Aunque en la Argentina el bipartidismo nunca terminó de funcionar de forma prolija, este modelo de “dos partidos que en realidad son más o menos el mismo” parece retornar a través de las décadas como una silueta que las élites políticas intentaron rellenar a pesar de que la deuda permanente de la economía no permitió nunca estabilizar la apuesta (Tim Jackson le llama, con un poco de sorna, “capitalismo de poscrecimiento”). Hay una línea que se puede rastrear: radicalismo y renovación en los ’80, menemismo y frepaso en los ’90, kirchnerismo y macrismo en los 2010, todos expresaron distintas cepas sentimentales de un mismo proceso político, cultural y económico.

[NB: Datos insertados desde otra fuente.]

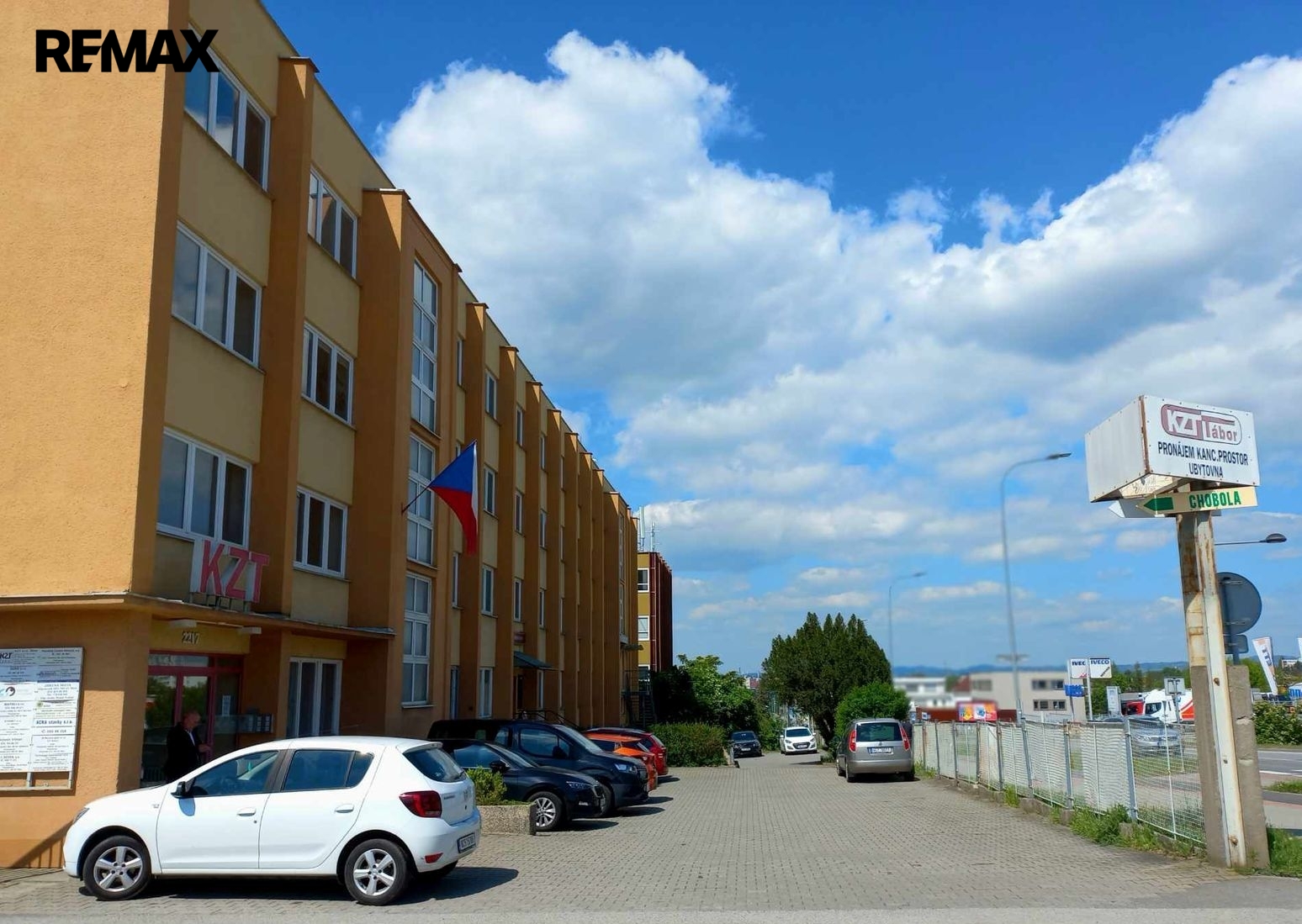 Areál kanceláří na Chýnovské ulici.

Esas encarnaciones ofrecieron a la sociedad argentina el simulacro de la discusión política, a veces incluso en grados de alta intensidad, aunque jamás esmerilando realmente la matriz neoliberal. Este simulacro se coronó, además, con recurrentes crisis económicas que arrasaban al país y en las que ambos polos del sistema democrático mostraban continuidad en la responsabilidad.

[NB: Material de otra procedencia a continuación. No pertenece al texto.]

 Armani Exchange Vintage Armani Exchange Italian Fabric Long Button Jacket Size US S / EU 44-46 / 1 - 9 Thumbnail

Lo que nos trae de vuelta a Milei. No es difícil reconocer en Milei un punto de quiebre del ciclo político que en la Argentina se inició en 1983 y que parece haber alcanzado su agotamiento definitivo en 2023, con gran hastío social. Apenas llegado a la Casa Rosada, el nuevo presidente anarco-capitalista torpedeó los tres fundamentales consensos del orden neoliberal, con cierto consenso de la sociedad. Tensionó con las instituciones democráticas, impulsó una revisión de la narrativa de los derechos humanos -hecho que acompañó con otros gestos simbólicos pedorros como desmantelar el Salón de las Mujeres de la casa de gobierno- y le puso una bomba al disyuntor de la economía, aplicando una devaluación, liberando los precios en las góndolas y desmantelando buena parte del sistema de restricciones a las importaciones y subsidios al consumo y a la energía que sostenían el frágil poder adquisitivo de los argentinos. Aunque todavía le faltan algunas cosas -por ejemplo, levantar el cepo- está claro que esa es la dirección hacia la que se dirige.

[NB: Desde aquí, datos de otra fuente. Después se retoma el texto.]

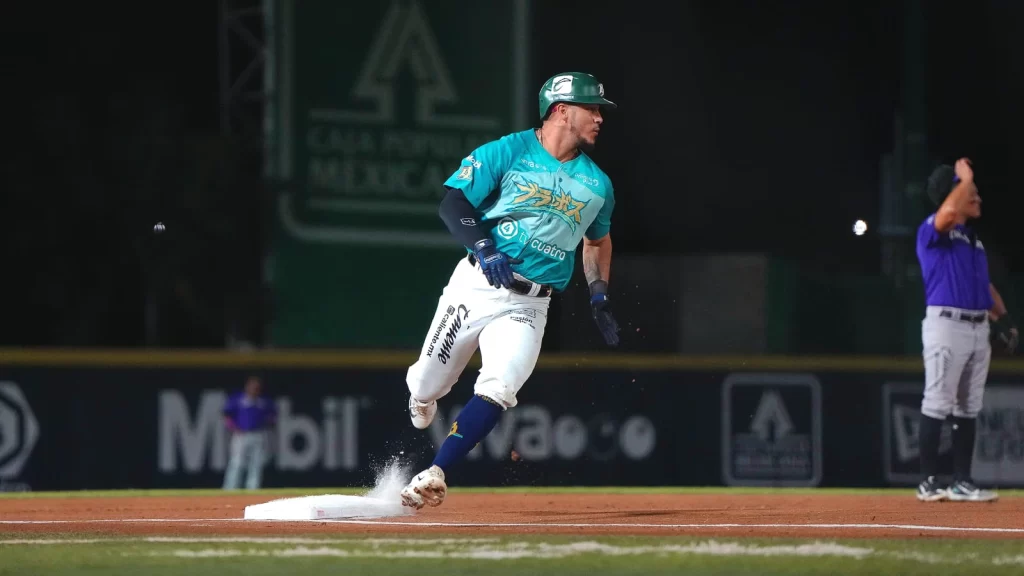 Conspiradores sacan la escoba y barren la serie ante Bravos de León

Frente a esto, la oposición organiza una microresistencia estética en el que nos encontramos unidos los peronistas melancólicos en su acepción tiktokera, la izquierda decadente, los radicales fashion y la aristocracia macrista esquirlada, proyectando una oposición estereotipada entre el orden democrático racional versus el fanatismo ideológico. Pero, como ya dije en otro lado, estamos fallando en registrar que las palabras que mejor definen al estado del pueblo argentino después de 40 años de derrotas económicas y simbólicas es el de la apatía y transgresión.
Lo que sucede hoy en la Argentina con la sagrada democracia liberal, con los derechos humanos y conquistados y con la red de subsidios que contienen al consumo mientras despatrimonializan la capacidad de ahorro y futuro del pueblo es: ¿peronismo? ¿aborto? ¿democracia? ¿DNI no binario? ¿vacunas? Los argentinos parecen decir: “al fin perdemos todo eso”. La apatía se combina con la libertad profana de finalmente cuestionar todas las cosas “buenas y justas” que resultaban centrales a la moral victoriana del orden neoliberal.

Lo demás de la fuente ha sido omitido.